**Data for review**
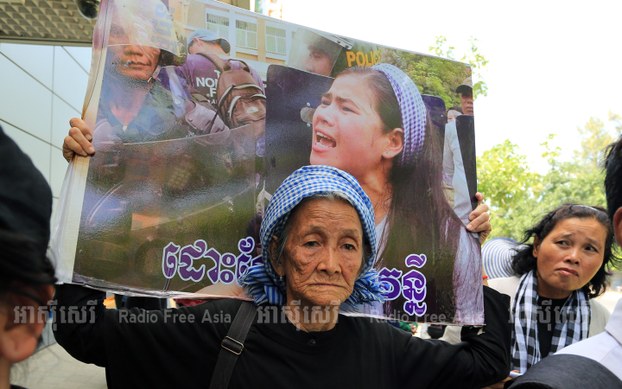 អ្នកស្រី ទេព វន្នី និង​អ្នក​បឹកកក់​៥​នាក់​ត្រូវ​ផ្ដន្ទាទោស​ករណី​មួយ​ទៀត​៦​ខែ​តែ​ត្រូវ​ព្យួរទោស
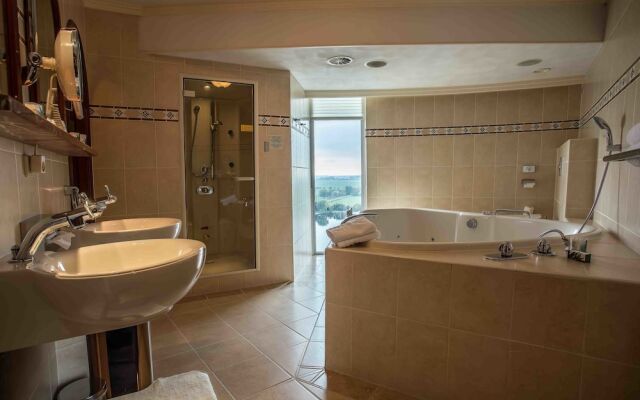 Hotel & Restaurant Infinity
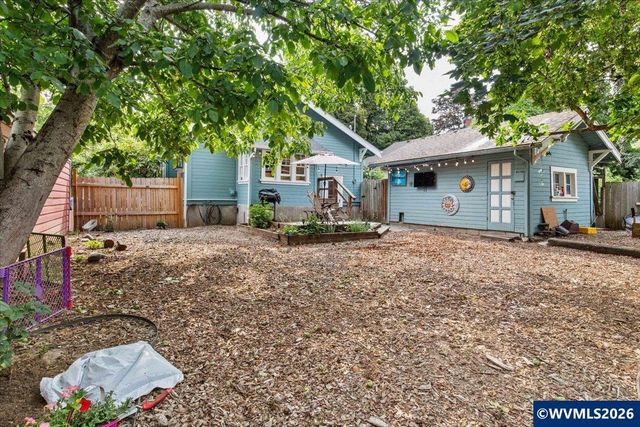 375 23rd St SE, Salem, OR 97301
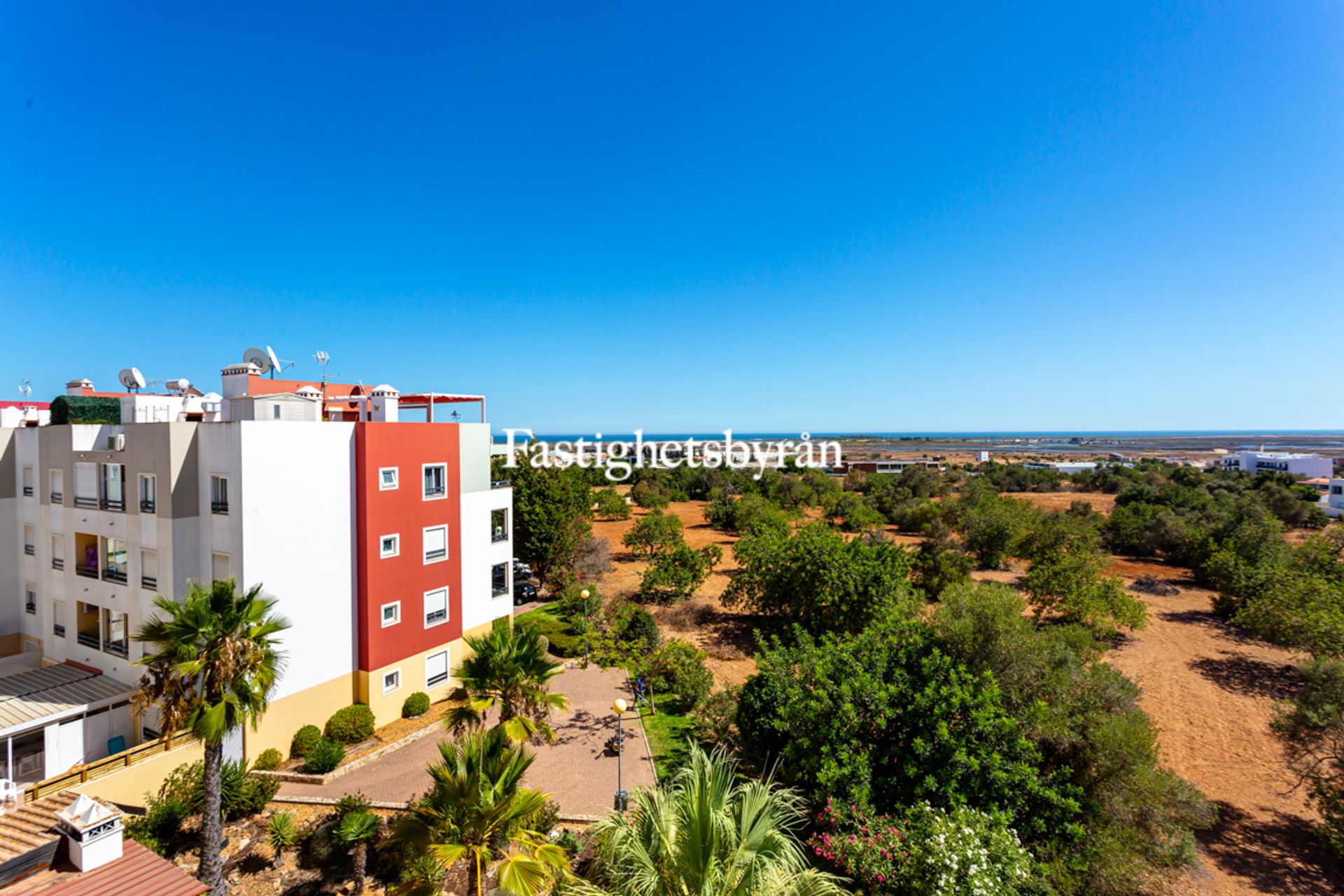 Condominium in Tavira, Faro District 10900911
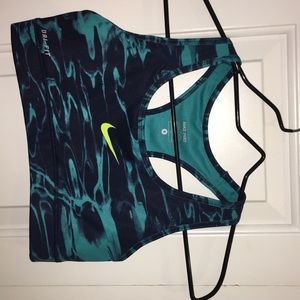 Nike pro woman’s sports bra || size: woman’s small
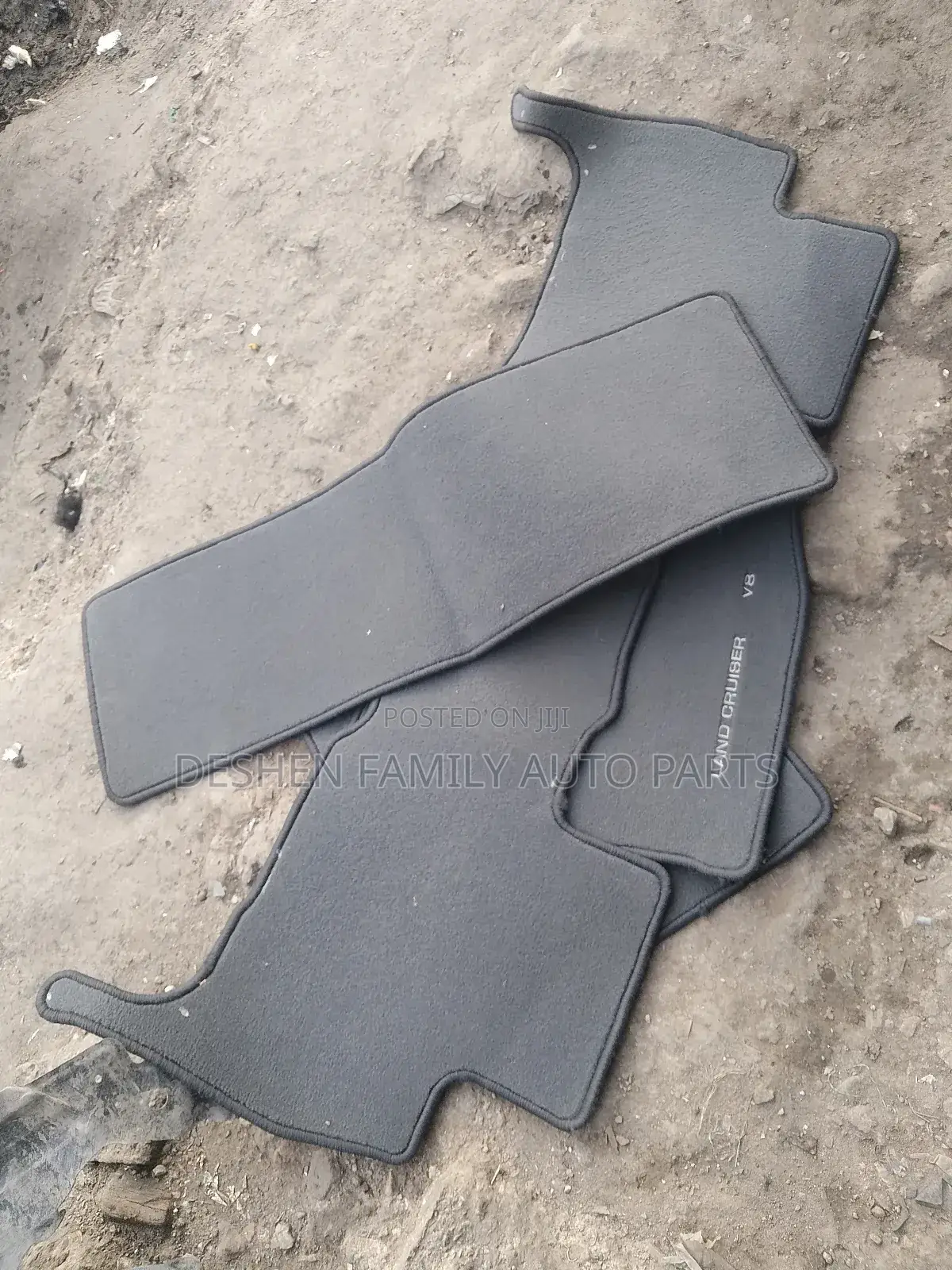 Toyota Land Cruise V8 Floor Mats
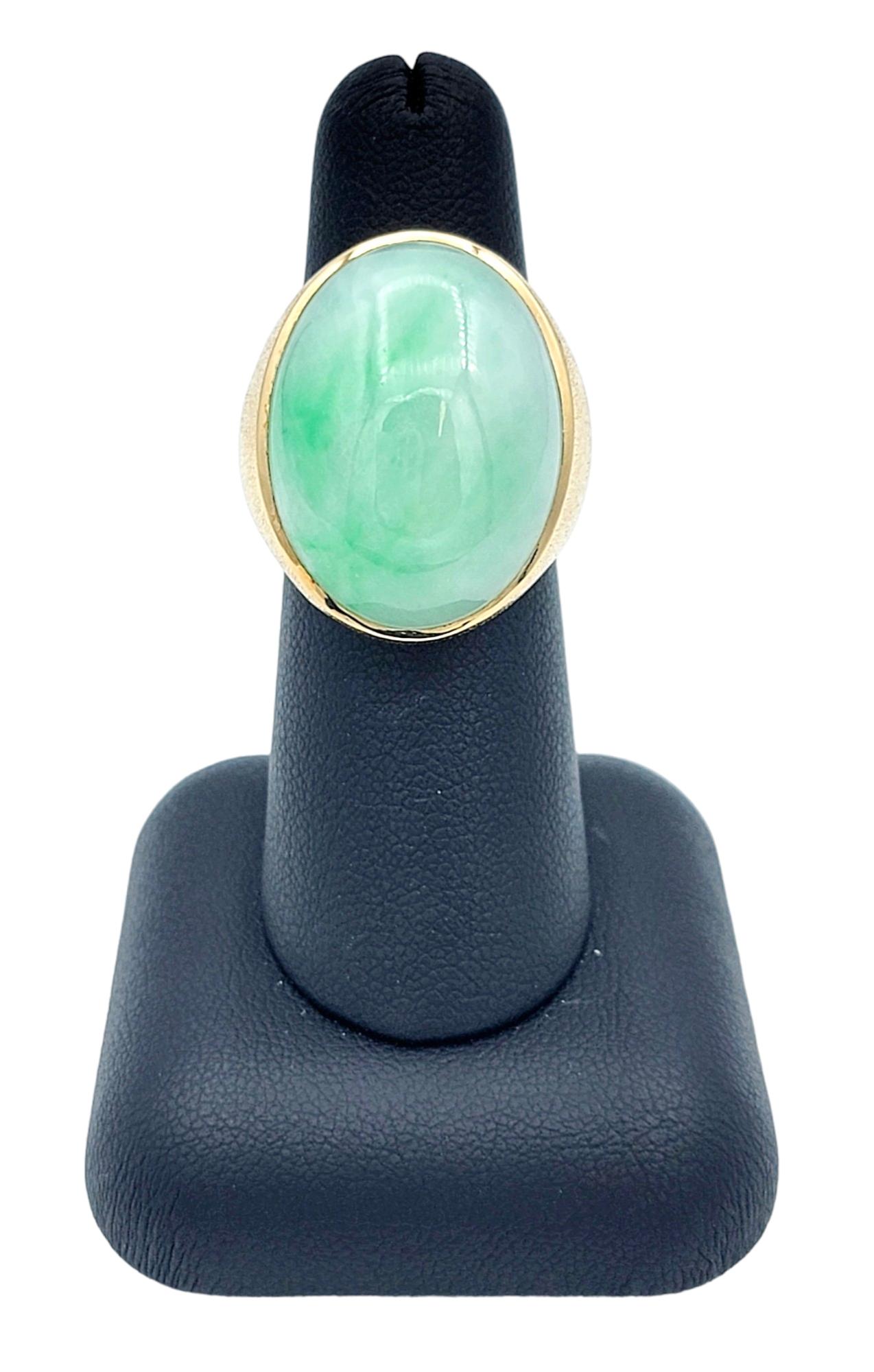 29.40 Carat Solitaire Oval Cabochon Green Nephrite Jade Ring in Yellow Gold For Sale 3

**Aim of the task**
Exactly as they appear above, print all the lines, but not the pictures.

**Answer space**
 អ្នកស្រី ទេព វន្នី និង​អ្នក​បឹកកក់​៥​នាក់​ត្រូវ​ផ្ដន្ទាទោស​ករណី​មួយ​ទៀត​៦​ខែ​តែ​ត្រូវ​ព្យួរទោស
 Hotel & Restaurant Infinity
 375 23rd St SE, Salem, OR 97301
 Condominium in Tavira, Faro District 10900911
 Nike pro woman’s sports bra || size: woman’s small
 Toyota Land Cruise V8 Floor Mats
 29.40 Carat Solitaire Oval Cabochon Green Nephrite Jade Ring in Yellow Gold For Sale 3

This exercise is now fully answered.